* _Exercise details_:
Every line of the material is to be quoted verbatim, minus the pictures.

* _Source data_:
== == ==

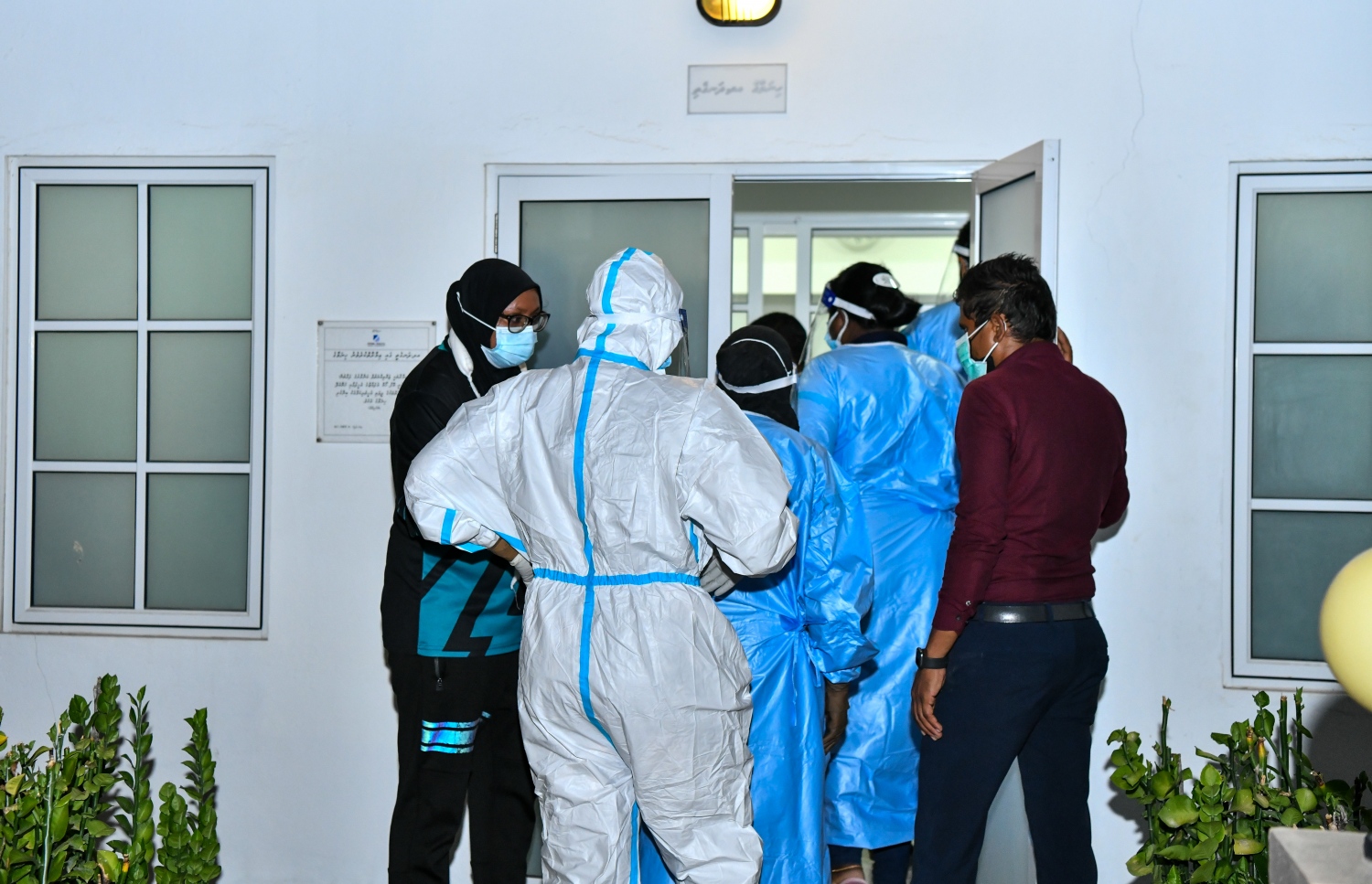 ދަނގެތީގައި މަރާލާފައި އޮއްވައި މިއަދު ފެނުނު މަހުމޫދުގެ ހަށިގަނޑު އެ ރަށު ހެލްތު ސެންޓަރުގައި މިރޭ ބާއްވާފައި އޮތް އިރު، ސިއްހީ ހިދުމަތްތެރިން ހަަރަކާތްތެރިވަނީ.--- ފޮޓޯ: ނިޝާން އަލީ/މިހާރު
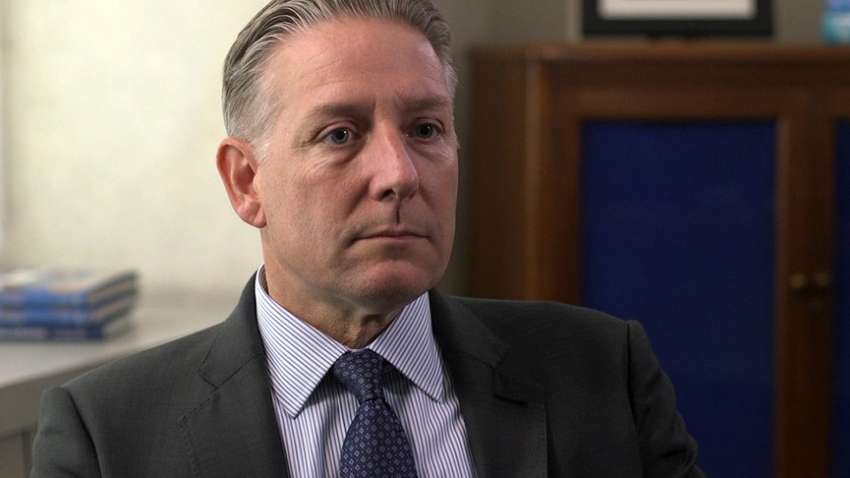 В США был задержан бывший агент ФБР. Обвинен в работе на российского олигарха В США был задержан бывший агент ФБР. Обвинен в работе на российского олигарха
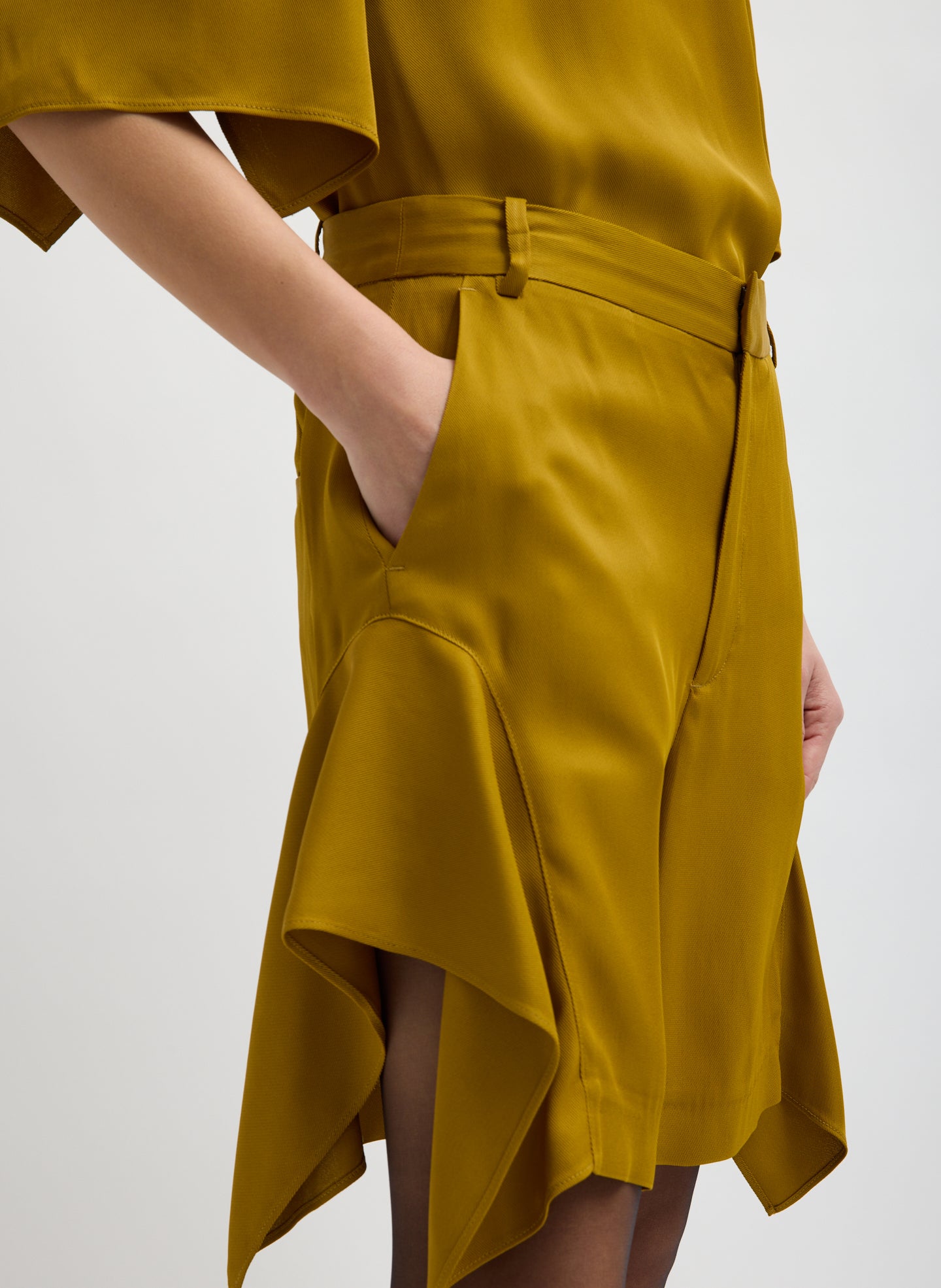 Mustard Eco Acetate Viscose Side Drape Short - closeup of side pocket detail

== == ==

* _Task solution_:
 ދަނގެތީގައި މަރާލާފައި އޮއްވައި މިއަދު ފެނުނު މަހުމޫދުގެ ހަށިގަނޑު އެ ރަށު ހެލްތު ސެންޓަރުގައި މިރޭ ބާއްވާފައި އޮތް އިރު، ސިއްހީ ހިދުމަތްތެރިން ހަަރަކާތްތެރިވަނީ.--- ފޮޓޯ: ނިޝާން އަލީ/މިހާރު
 В США был задержан бывший агент ФБР. Обвинен в работе на российского олигарха В США был задержан бывший агент ФБР. Обвинен в работе на российского олигарха
 Mustard Eco Acetate Viscose Side Drape Short - closeup of side pocket detail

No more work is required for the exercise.